Giant Tiger’s new 53-foot containers boast 60 percent more capacity than 40-footers.
Giant Tiger is looking to boost productivity by expanding the physical size of equipment in its network.
The fleet already incorporates long combination vehicles (LCVs), but is now making further investments into 53-foot intermodal containers that boast 60 percent more capacity than traditional 40-footers with standard heights.
“We cube out way before we weigh out,” explains James Johnstone, associate vice-president – transportation, referring to cargo that includes things like fashion items, towels, pillows and stuffed animals.
Fifty such units are already in service, but others are scheduled to set sail from China on Dec. 27.
The 53-foot containers are handled through a transload facility in Vancouver. From there a team cycles them to Montreal. Goods destined for Brampton, Ontario may even move by LCV.
All of the chassis are specified with fuel savings in mind, which means using aerodynamic skirts, along with aluminum wheels, super-single tires, and disc brakes. The boxes themselves are closer to a U.S. specification because they’re essentially dead weight when empty.
“[We did] everything we could to cut weight down,” Johnstone says. Using fixed 53-foot units rather than extendable versions means there’s no slider to worry about greasing or failing, he adds. “It allows us to add a skirt on a spring-loaded arm.”
Loads weighing 30,000 to 35,000 lb. would be considered heavy, but there are provisions for even heavier loads.
“The only challenges are getting them into the port, and it’s a mad dash getting everything off the ship,” he says.
Because of shipping limitations, the 53-foot containers arrive on smaller ships, and are lashed to the decks and pulled off with cranes. In contrast, 40-foot containers are moved about with massive gantry cranes.
First to 53, then to 60
Another Canadian retail giant, Canadian Tire, was actually the first domestic business to deploy 53-foot containers, and it has since begun using 60-foot units.
“We have built the largest private fleet in Canada, with over 7,000 units in operation,” says Gary Fast, Canadian Tire’s vice-president of transportation, referring to the 53-foot containers.
The retailer has also taken its supersized containers to the next level, becoming the first “anywhere” to use a 60-foot intermodal container.
Canadian Tire now has 153 of the 60-foot units in service, and plans to grow the fleet to 600 such containers by the end of 2021. In total, Canadian Tire is in the process of adding another 1,000 containers to its fleet – a combination of 53- and 60-foot units manufactured in China, meeting a Canadian specification.
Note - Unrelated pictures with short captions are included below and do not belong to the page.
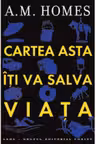 Cartea asta iti va salva viata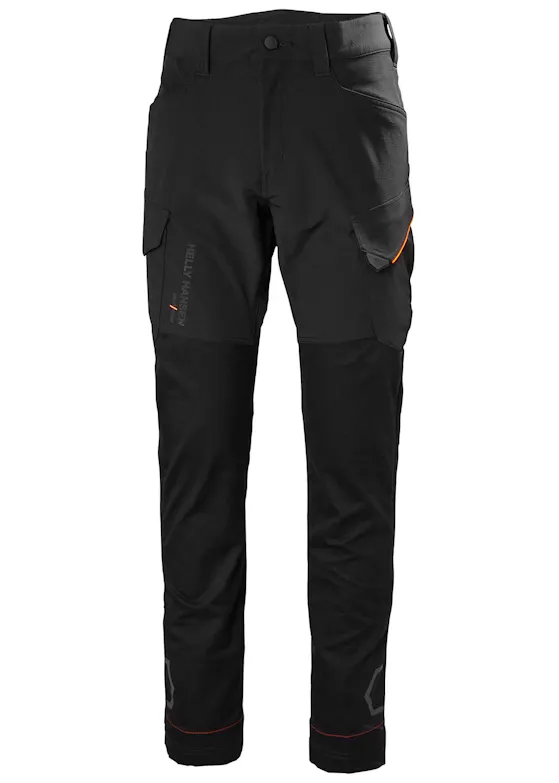 Helly Hansen Chelsea Evo BRZ Cargo Pant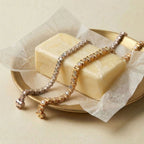 The Nova It-Girl Dumroo Bracelet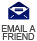 Email a Friend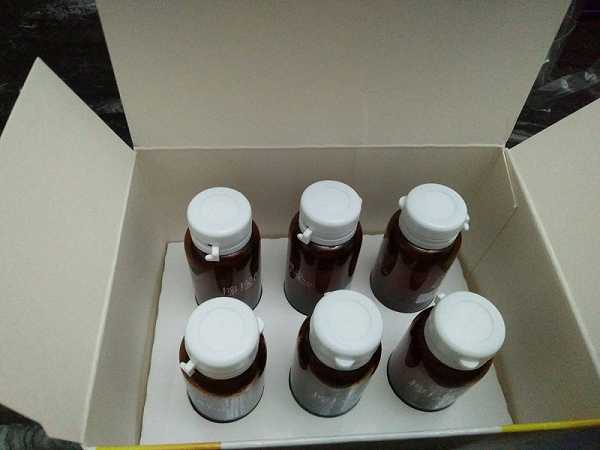 一定有酵檸檬酵素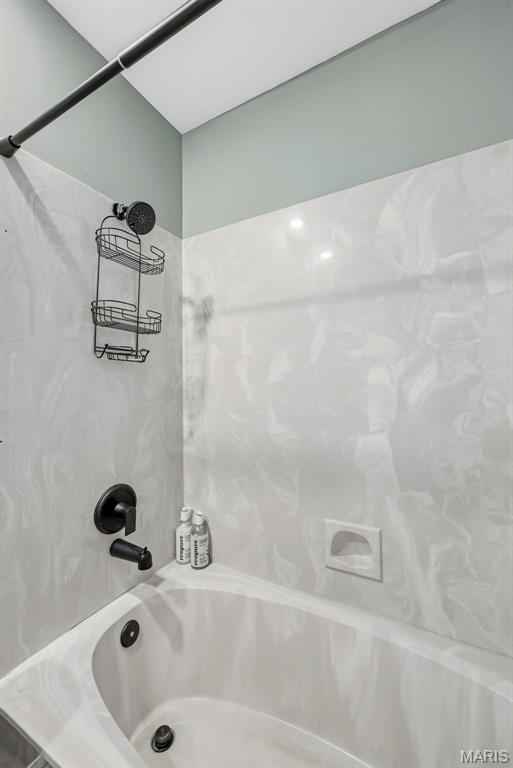 445 Mason Ridge Drive Property Photo 30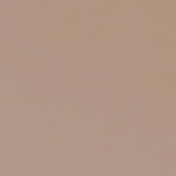 Французская ткань Casamance, коллекция Minaude, артикул 44602874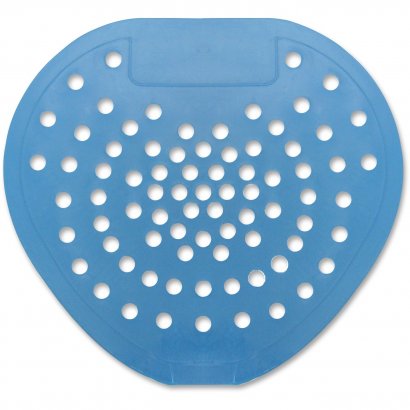 HOSPECO Vinyl Urinal Screen 03904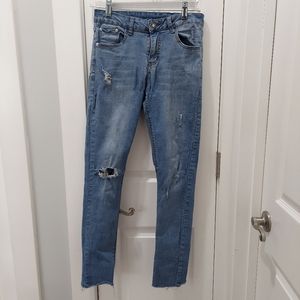 Gilmint jeans denim Size 6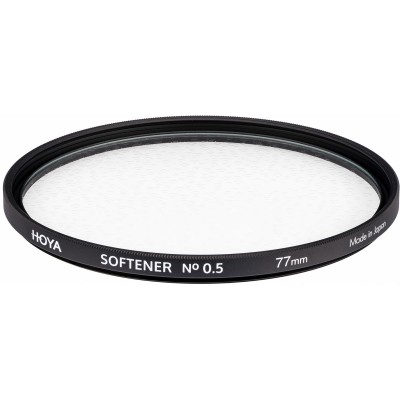 67.0mm Softener NO0.5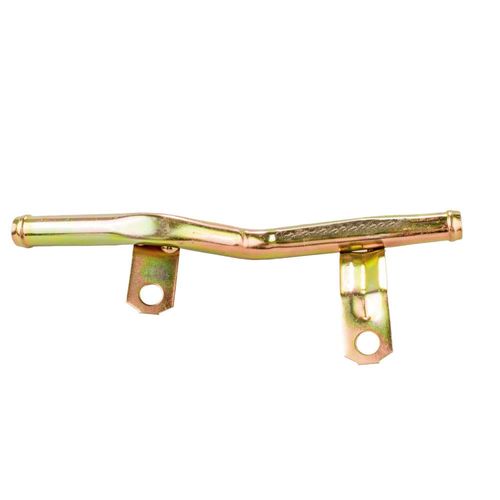 Cano Motor DEL REY 1981/1989 - 57023 - VC303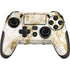 Basic Marble PlayStation Scuf Vantage 2 Controller Skin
While Canadian Tire deployed 53-foot containers in LCV configurations over the road, Fast notes, “not all roads are practical for this application.”
Still, the 53-foot container has been Canadian Tire’s standard, and “poses few challenges, with only a handful of retail locations unable to accommodate deliveries from these units,” Fast says.
The container chassis specified by Canadian Tire are primarily extendable from 40 to 53 feet, or 40 to 60 feet long. The most recent chassis are specified with roll stability for LCV operations, and the retailer specifies 100 percent hot-galvanized chassis for corrosion resistance rather than painted steel.
The containers themselves are shot blasted and a zinc shop primer is used to resist corrosion.
“Moving and external parts such as the hinge, handles, locks and all fasteners have additional galvanization and zinc plating specs,” Fast says. “We line our container walls with plywood and install track to make it easier for our distribution centre teams to secure loads.”